JOHANNESBURG – The South African Communist Party (SACP) is calling on President Jacob Zuma to terminate his relationship with the Guptas.
The SACP’s Deputy General Secretary, Solly Mapaila, said the movement welcomed the African National Congress’s NEC statement, following its meeting this past weekend.
The statement relayed outcomes of the meeting, including the economy and upcoming local elections.
Mapaila was addressing the South African Clothing and Textile Workers’ Union Bargaining Conference in Cape Town on Monday.
Mapaila also applauded Deputy Minister of Finance, Mcebisi Jonas, for speaking out against members of the Gupta family who allegedly offered him a cabinet post.

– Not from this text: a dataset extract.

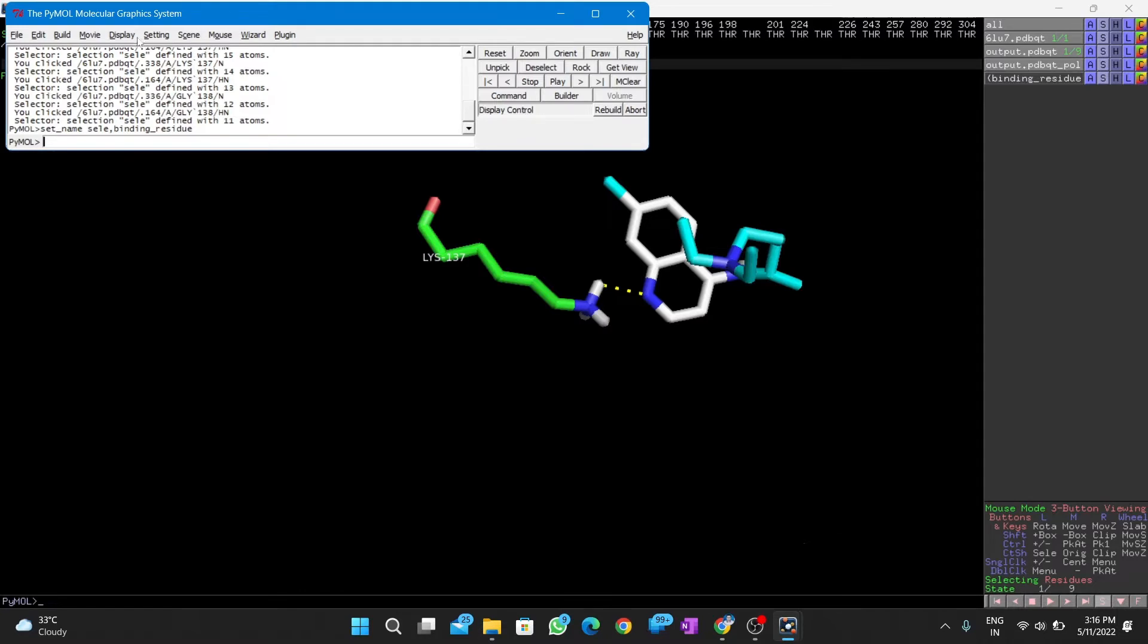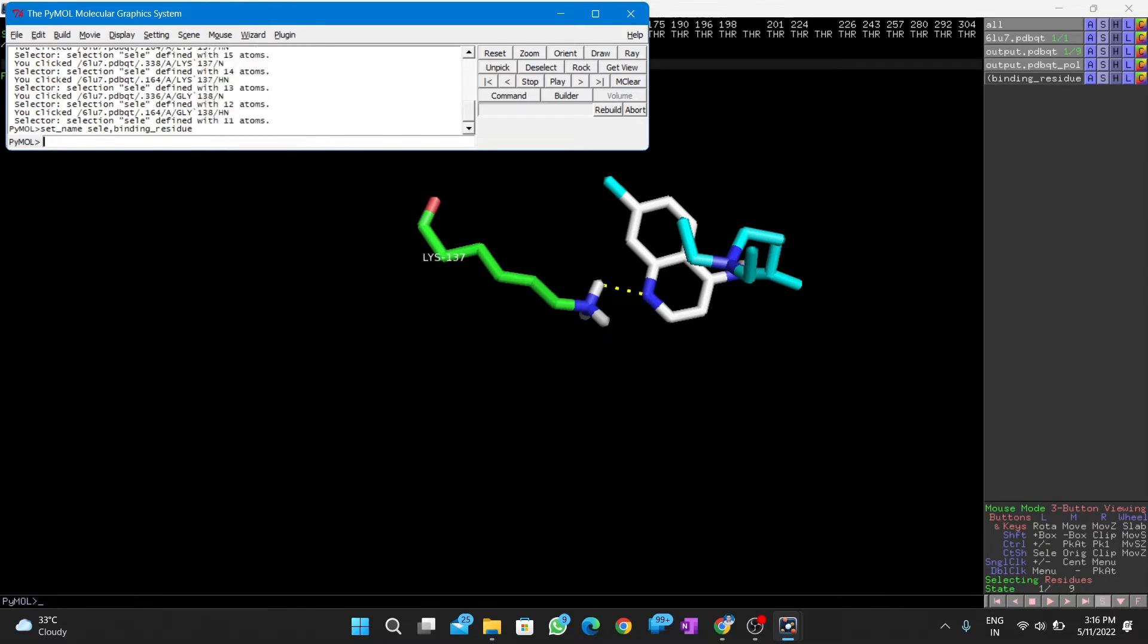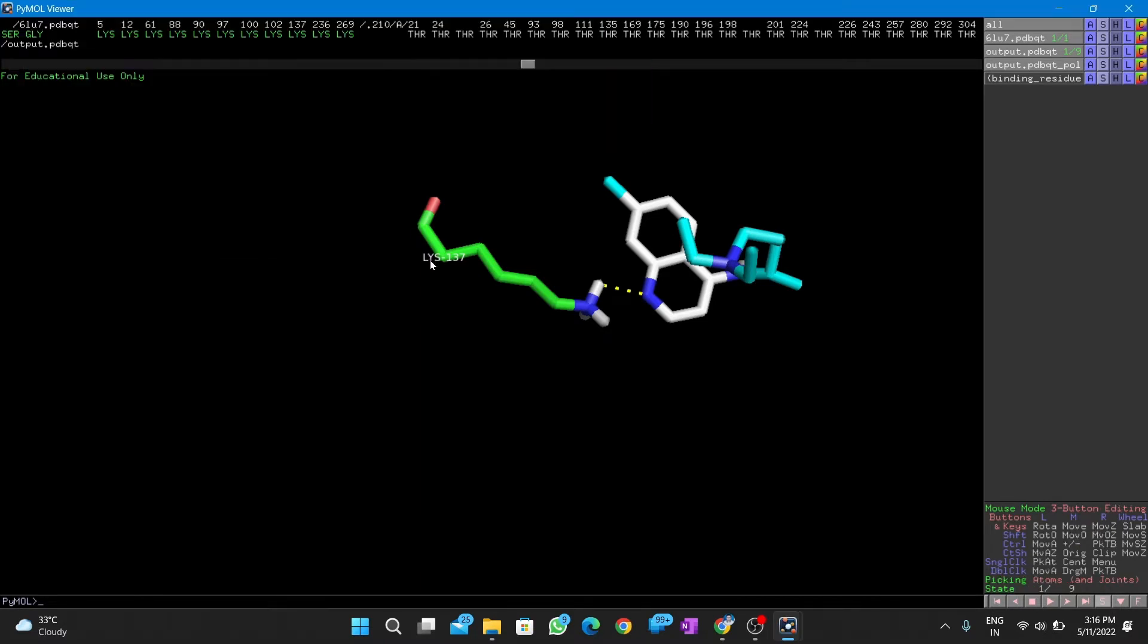Next, we go to wizard and then to measurement. Carefully select the molecules to display the distance of interaction. The value will be in angstrom.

“The NEC statement could have gone deeper, none the less we welcome the statement. And we want to have a situation where all the time when our movement meets, we always look forward to its statement because we are confident that the leadership of our country had met. It should not be that when they have met we doubt what’s going to come out because we think whose ideas are they going to portray in public now, is it the ideas of the Guptas or the Ruperts,” Mapaila said.
Mapaila went on to congratulate the NEC for calling out ANN7 and The New Age – media interests owned by the Guptas.
“We congratulate the movement for taking up this matter and for engaging with it and to deal with the lies perpetuated by the ANN7 grouping, who portrayed us as anti-president. They are part of the faction themselves they are generating factions in the African National Conference they siding with one faction,” he said.
Mapaila said the Sactwu has never called for the recall of President Jacob Zuma.
Instead, it has urged the president to cut ties with the Gupta family and launch a commission of inquiry into the so-called corporate capture of the government.
“If the President feels he cannot commission the judicial commission of inquiry into corporate capture, which does not necessarily speak to the Guptas but to the Guptas and all other, that if he doesn’t’t do that that the next president will do that and there will always be consequences,” Mapaila said.